A few bodypanels or bars of Nazi gold may have kept Goldfinger occupied through his usual daily routine, but he had his sights on something much bigger - Fort Knox!
The Scheme: Rather than stealing gold from Fort Knox, and facing the logistical nightmare of transporting the bulky and heavy metal, Auric Goldfinger planned to detonate an atomic bomb inside the US gold repository. The "dirty bomb" would irradiate the US gold reserve, thereby increasing the value of gold and his own stockpile.
BOND: "$15,000,000,000 in gold bullion weighs 10,500 tons. 60
men would take 12 days to load it onto 200 trucks. Now, at the most,
you're going to have 2 hours before the Army, Navy, Air Force, Marines
move in and make you put it back."
GOLDFINGER: "Who mentioned anything about removing it?"

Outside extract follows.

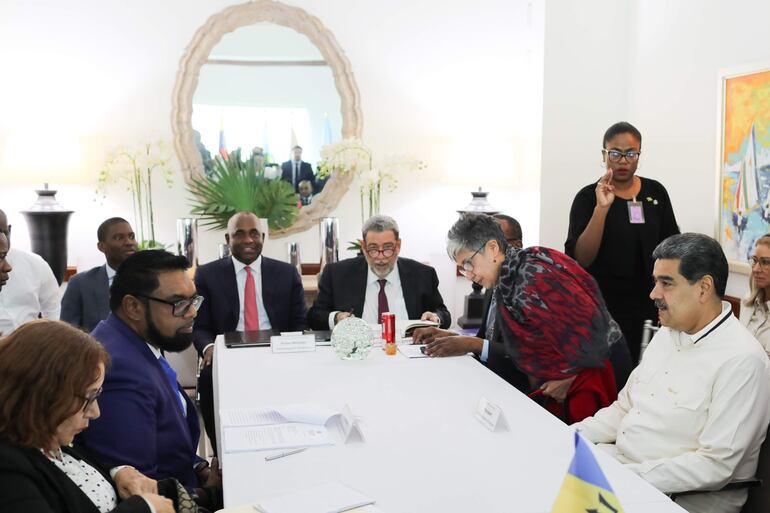 El presidente venezolano, Nicolás Maduro (d), durante su reunión con el mandatario de Guyana, Irfaan Ali (2i), acompañados por el primer ministro de San Vicente y las Granadinas, Ralph Gonsalves (c-d), hoy, en Argyle, cerca de Kingstown (San Vicente y las Granadinas). Los presidentes de Venezuela, Nicolás Maduro, y de Guyana, Irfaan Ali, comenzaron, pasadas las 14:00 hora local (18:00 GMT), la reunión pautada para este jueves en San Vicente y las Granadinas, donde abordan la disputa que mantienen sus respectivos países por la Guayana Esequiba, un territorio de unos 160.000 kilómetros cuadrados.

The Science: The damage created by an atomic bomb is a combination of the initial blast and the resulting radiation. Unlike most villains who have had their hands on "small nuclear devices", Goldfinger did not plan to blow anything up, instead using the "dirty" effect of irradiating the gold.
Physicists state that gold, in theory, could become radioactive from a cobalt-iodine atomic device (which Goldfinger claimed to have sourced from the Chinese) after gaining an extra neutron from the streams of subatomic particles let out by the blast.
Goldfinger claimed this radiation would keep the US gold reserve untouchable for 58 years. However, the radioactive form of gold is very unstable and would turn to liquid mercury within days. So instead of making the gold reserve untouchable, Goldfinger would completely destroy it. Although his prediction on what would happen to the gold was wildly inaccurate, his expected stock value might still go up by 10 times, like he claimed in the film.
GOLDFINGER: "This is gold, Mr. Bond. All my life I've been in love with its color... its brilliance, its divine heaviness."